Биографические справки, некрологи
М. А. Алданов
Русская литература не могла получить удара более жестокого, испытать потерю более жестокую, чем кончина Алданова. Нет за рубежом писателей столь любимых и популярных для русской читающей публики, книги которого имели бы столь верный и широкий успех, вызывали бы столько интереса и разговоров.
М. А. Алданов был для русской эмиграции не только одним из самых крупных русских романистов заграницей, но и единственным литератором такого калибра, творчество которого целиком развернулось уже вне России, уже после грандиозного краха революции. Но его оригинальность отнюдь не ограничивается тем, что его по праву можно назвать писателем русской эмиграции. В то время, как так много других его коллег оставались всегда в традиционной области психологического романа, все более принимающего характер статического повествования, лишенного действия, и все более скатывающегося в унылый анализ тоски, скуки и отвращения ко всему на свете, испытываемых героями и передающихся читателям, Алданов смело отыскал себе совершенно особую сферу.
Он избрал жанр исторического романа и создал в нем целый цикл, связанный между собой единством ряда персонажей, глубоко своеобразный, увлекательный, и содержащий столько острых и новых мыслей, что, закрыв его книгу, всякий впечатлительный человек оставался перед лицом раскрывшихся ему неведомых дотоле горизонтов.
Алданов, как никто, осознал ту истину, что в свете событий нашей эпохи мыслителю делается понятным многое, очень многое в прошлом, что прежде представлялось необъяснимым, или по меньшей мере чуждым и странным. Это мироощущение дало ему возможность с яркостью и убедительностью очевидца рассказать нам о французской революции, о дворцовых переворотах в царской России, о Наполеоне, и в более близком прошлом, о народовольцах. Может быть еще более замечательным являются, однако, его рассказы о том, что он сам непосредственно видел, широкое полотно российской жизни перед революцией и в эпоху революции, равно как и первых лет эмиграции.
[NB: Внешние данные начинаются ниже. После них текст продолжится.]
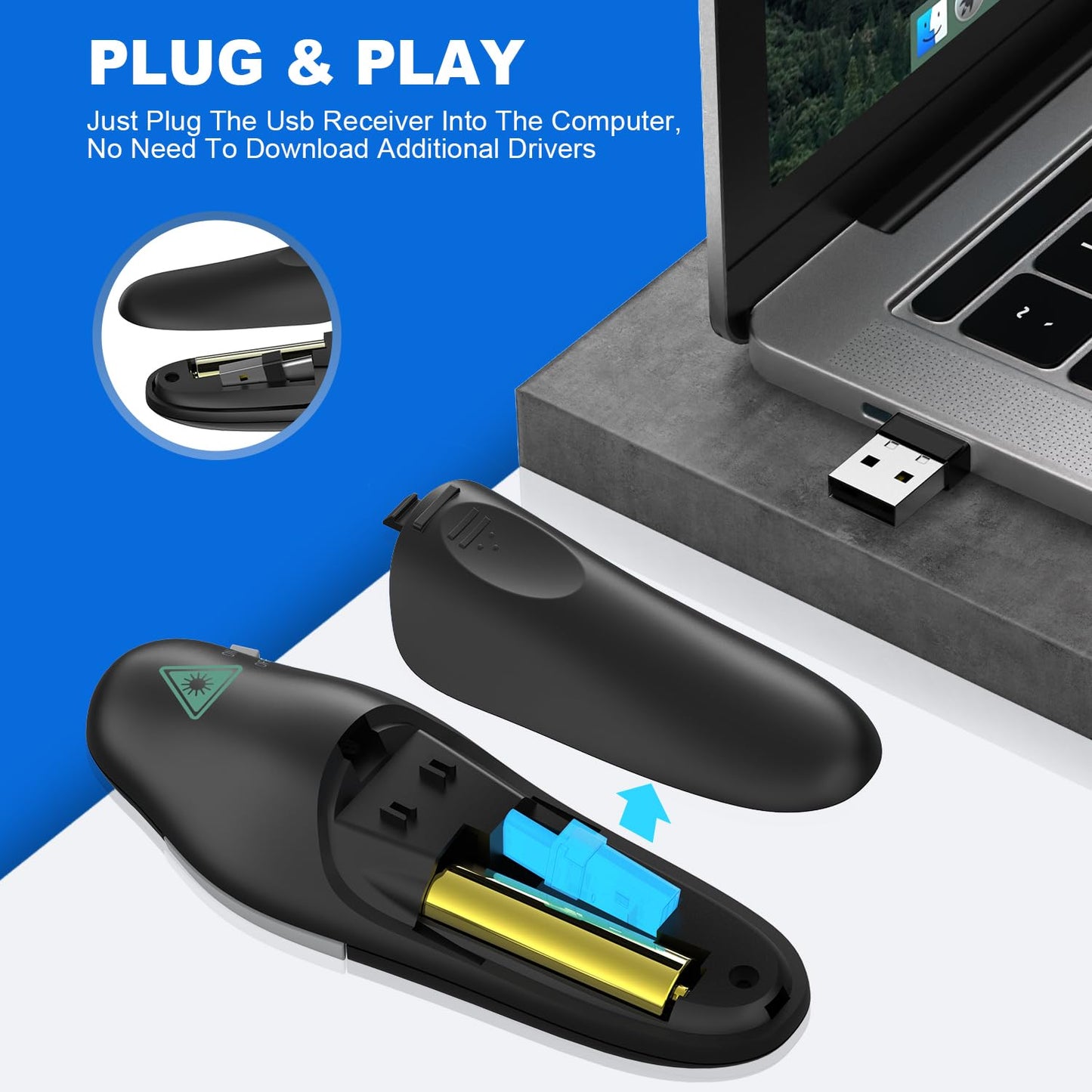 QUI 2 Pack Presentation Clicker, Wireless Presenter Remote Clicker for PowerPoint, Slide Advancer for Mac, Windows, Google Slide, Keynote (USB Type-c, Black Purple)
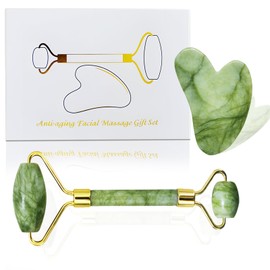 Gua Sha Tool Face and Jade Facial Roller, Face Rollers for Women Manual Facial Massager and GuaSha Tool, Jade Roller and Gua Sha Set Sculpt Jawline and Reduce Puffiness, Skincare Gift (Green)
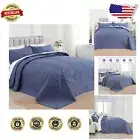 Elegant 128x120 Geometric King Quilt Set - Soft Reversible Bedspreads in Navy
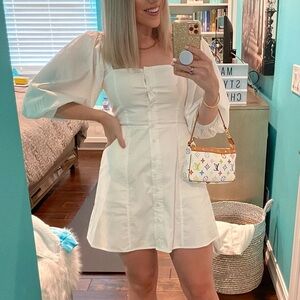 DANIELLE BERNSTEIN White Puff-Sleeve Mini Dress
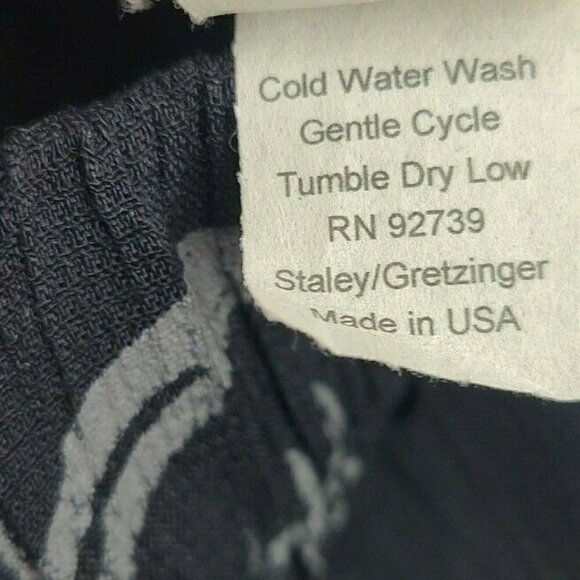 Vintage JG's Mad Lab Black Pants Womens Small Rayon Blend Handpainted Floral - Picture 5 of 6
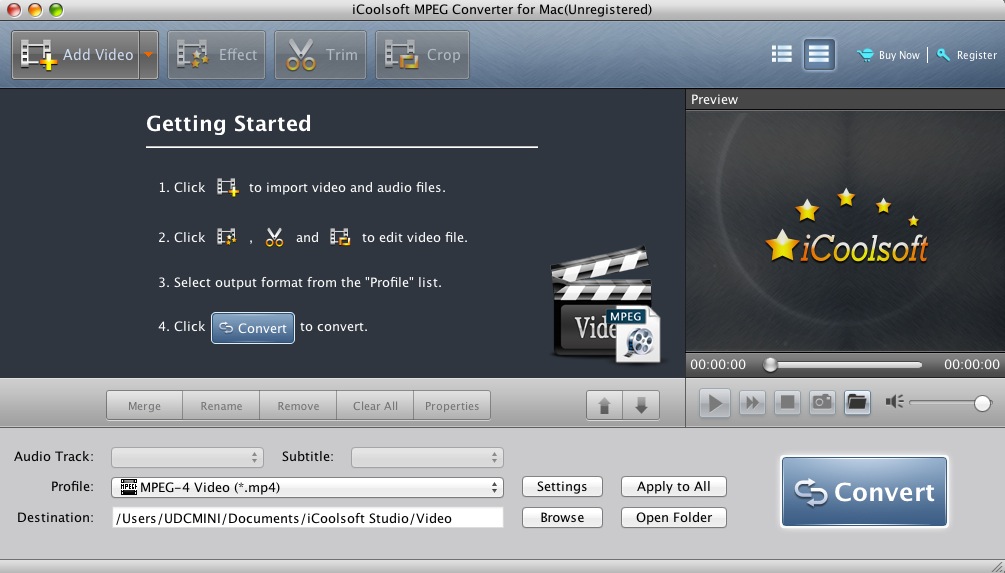 iCoolsoft MPEG Converter for Mac 5.0 : Main window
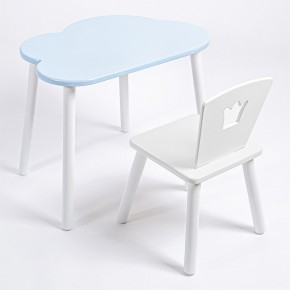 Комплект детский стол ОБЛАЧКО и стул КОРОНА ROLTI Baby (голубая  столешница/белое сиденье/белые ножки) в Советском - sovetskiy.mebel24.online | фото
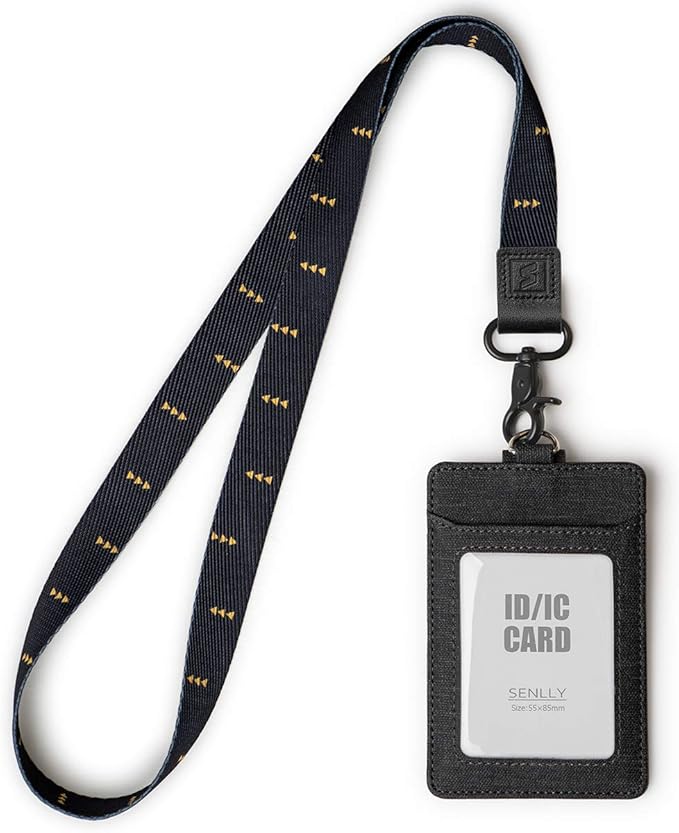 SENLLY ID Badge Holder Gift with Cute Neck Lanyard Strap, 2 Card Slots and 1 Clear ID Window, for Women and Men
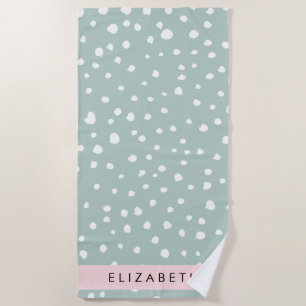 Serviette De Plage Points Dalmatiens verts, Spots, Votre Nom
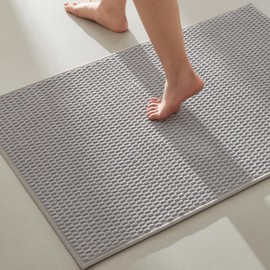 Bathroom Rugs Non Slip Washable, Super Absorbent Thin Bath Mat Quick Dry Low Pile Bathroom Rug, Light Grey 24"x36"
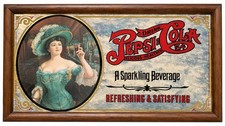 Vintage Pepsi Cola Gibson Girl 5¢ Advertising Mirror Sign Wood Frame 16x9 picture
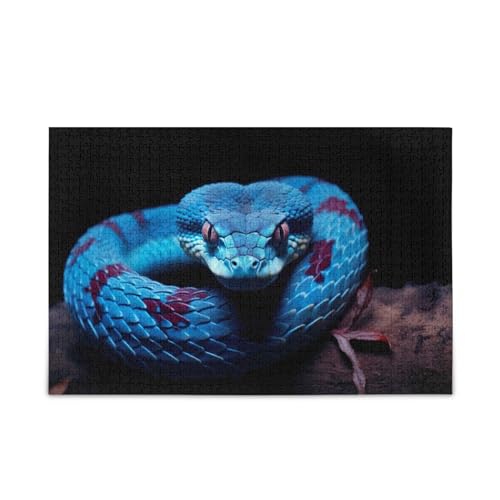 Qilmy Red Corn Snake Jigsaw Puzzles for Adults 1000 Piece, Puzzles for Adults 1000 Piece Challenging Kids Teens Family Puzzle Game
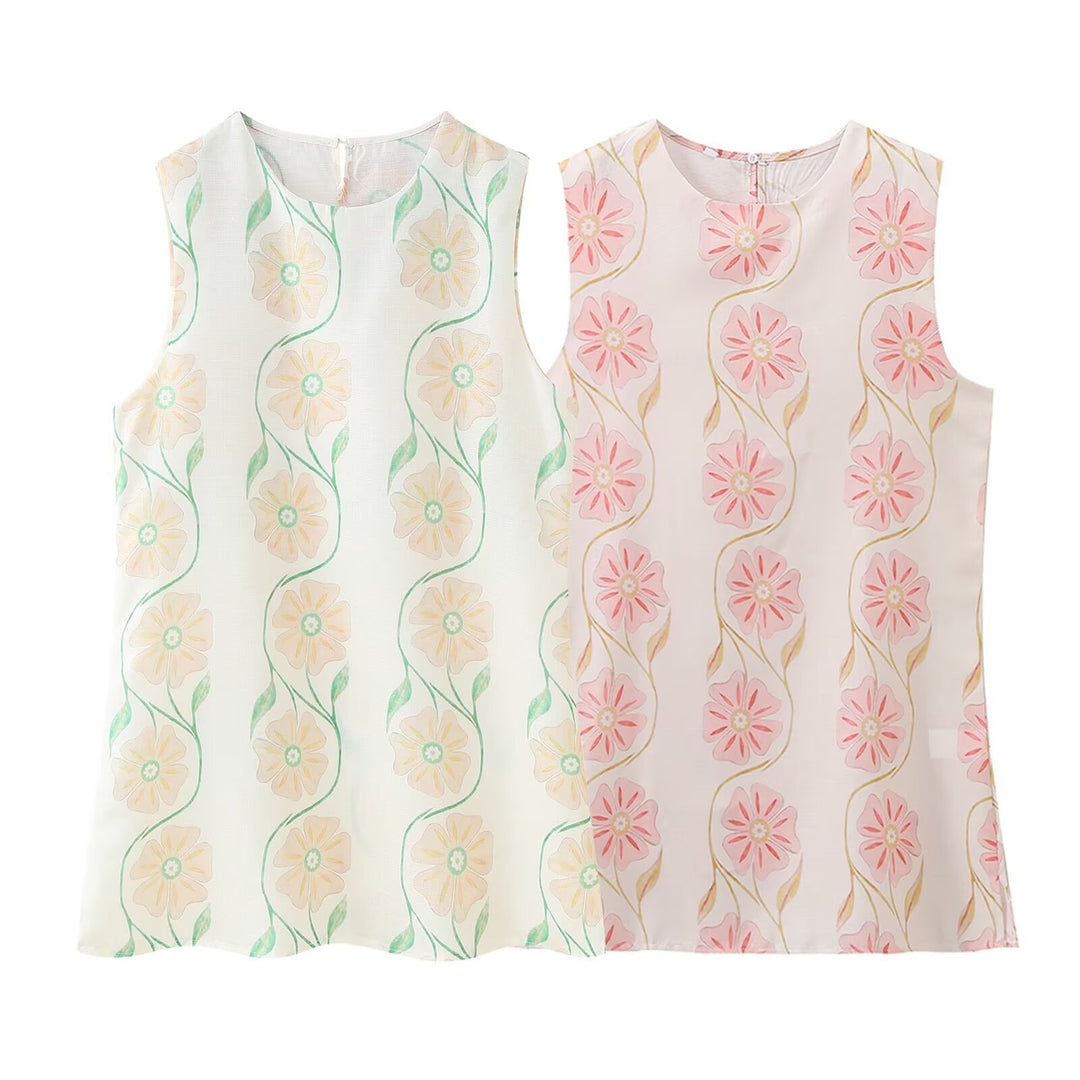 Femme Floral Broderet Ærmeløs Top Stilla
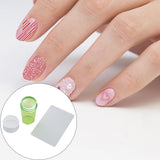 Maxbell Nail Art Stamper Head with Scraper Soft Head Silicone Manicure DIY Green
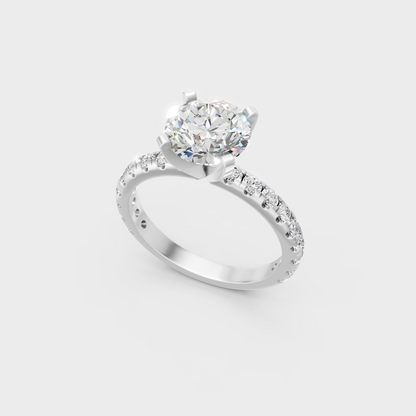  Sleek 18K White Gold Engagement Ring Featuring Round Lab Diamond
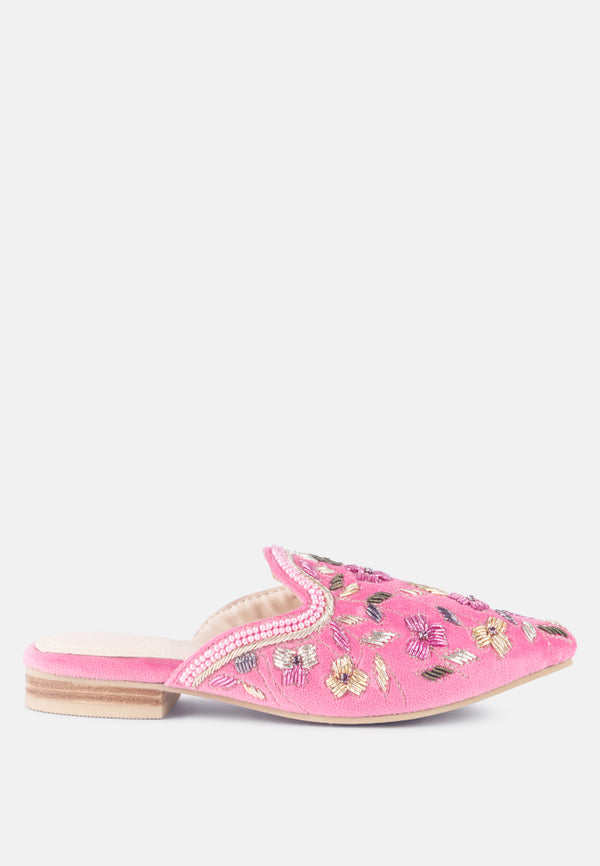 MARCELLA Pink Embroidered Mules#color_pink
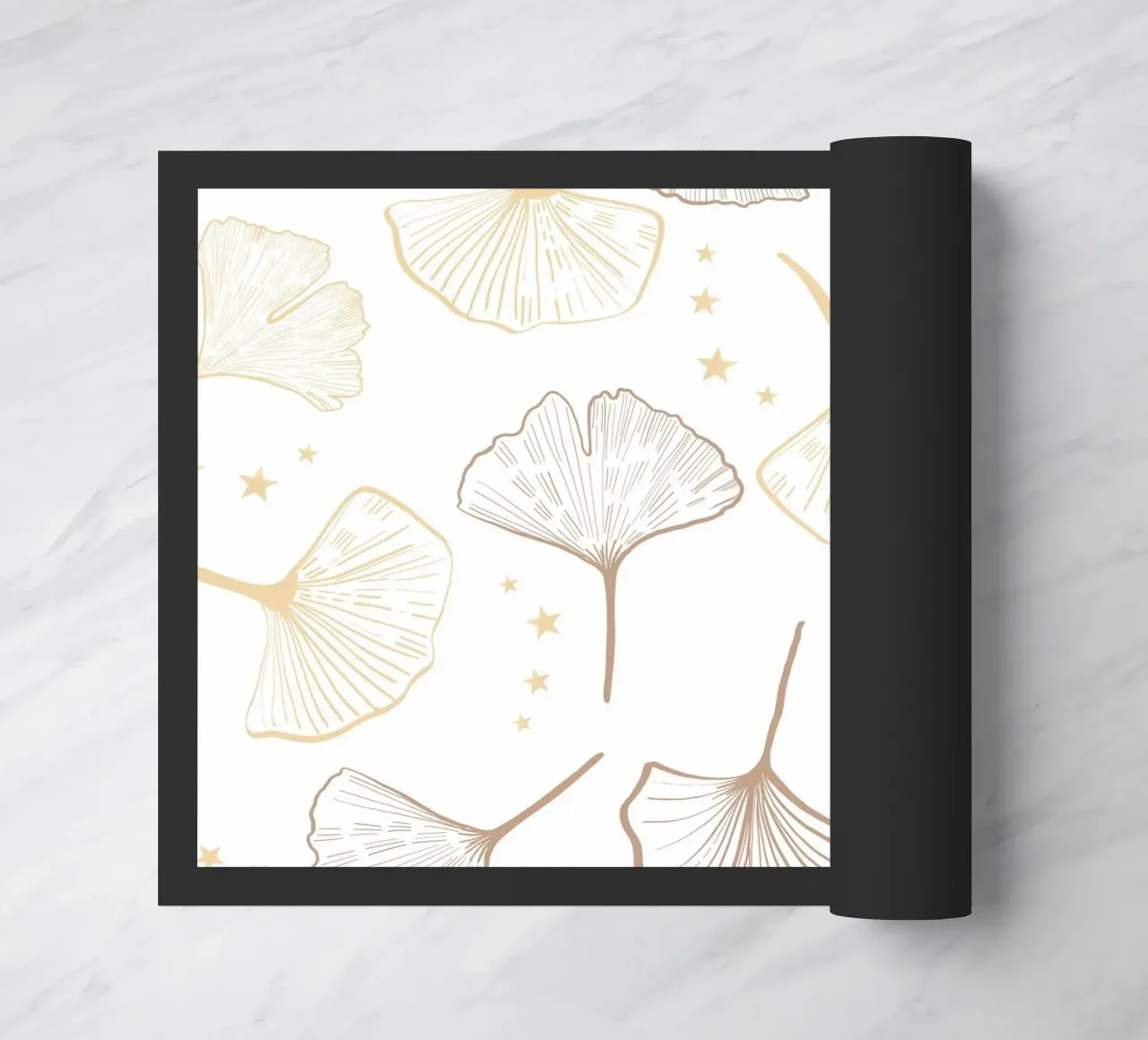 Ginkgo Biloba d'oro disegnato a mano zerbino da gulsengunel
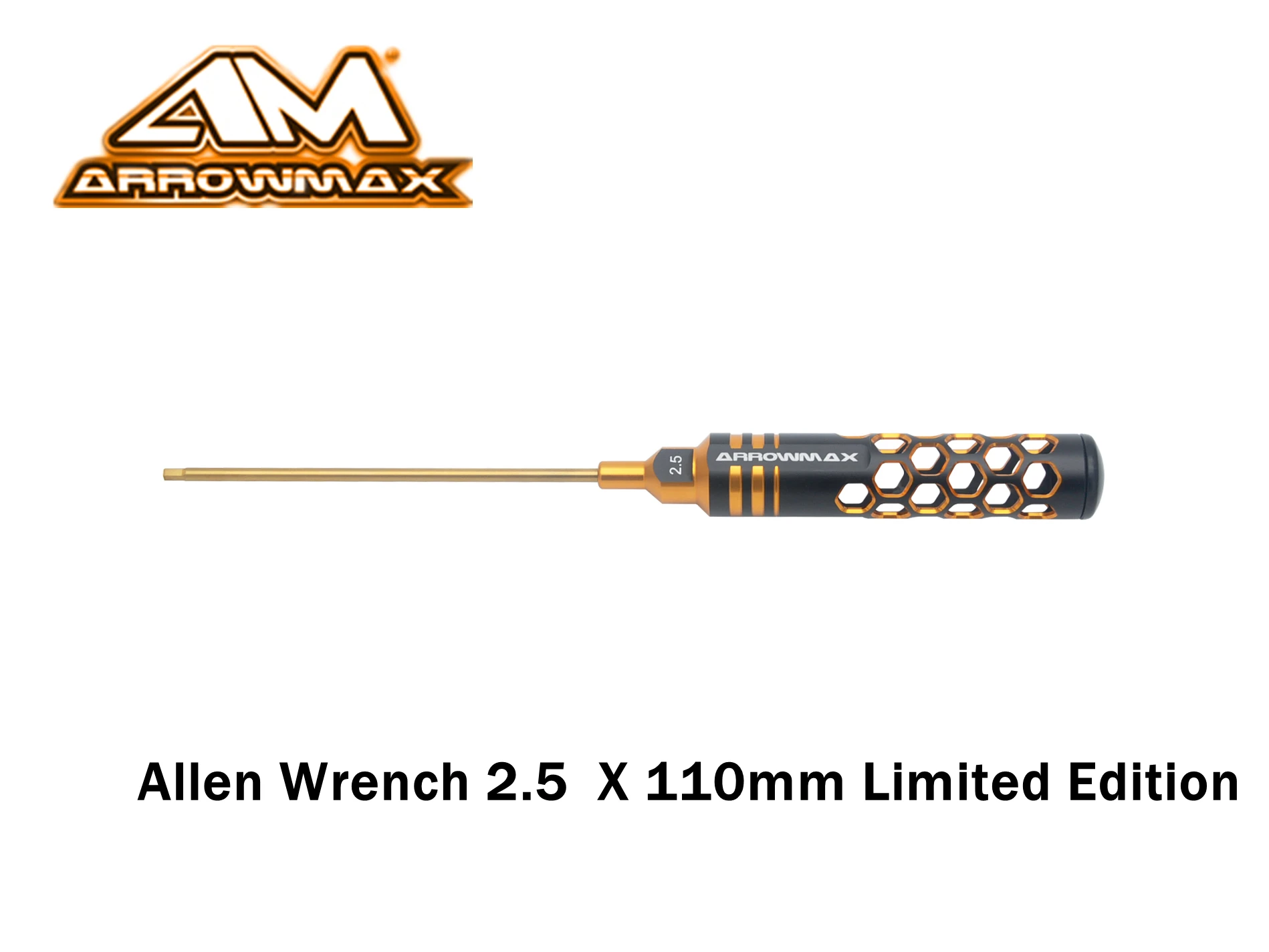 オリジナルarrowmax am-419993 bgアレンレンチセット1.5 2.0 2.5 3.0 X110mm黒ゴールデン軽量中空職業rcツール部品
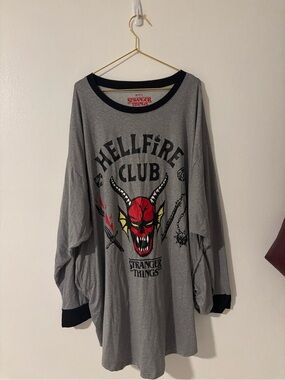 Netflix Stranger Things Hellfire Club Gray Long Sleeve Tee with Red Graphic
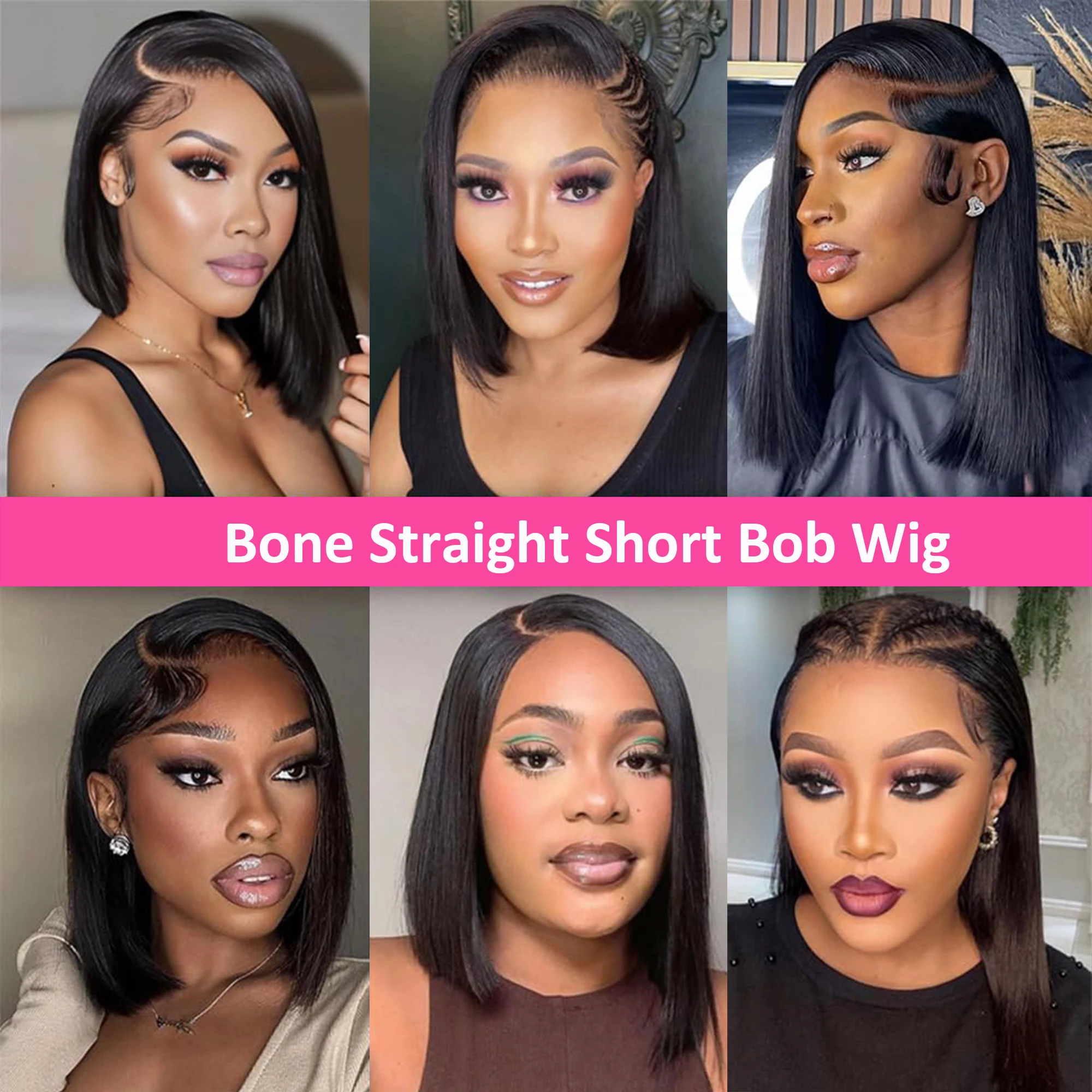 مستقيم بوب شعر مستعار شعر الإنسان 200 الكثافة شفافة 13x4 الدانتيل أمامي خصلات الشعر المستعار الإنسان للنساء اللون الطبيعي 100% شعر بيرو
Типично для Алданова, и, мы думаем, немало содействовало его привлекательности для широких масс русской диаспоры, то, что он всегда с интересом искал в прошлом и в настоящем сильных, волевых, энергичных и чем-либо выдающихся людей. Особенно отчетливо чувствуется эта его склонность в его блестящих портретах современников и деятелей далеких времен. Сколько мастерства и жизни он сумел вложить в изображения генерала Пишегрю[574], вождя шуанов Жоржа Кадудаля[575]. Очерк под его пером приобретает всю яркость романа. Но и в беллетристике он любит говорить о таких же людях. Вспомним его прекрасное описание Суворова в «Чертовом мосту», или созданные им персонажи Федосеева и Брауна в «Ключе» и «Бегстве».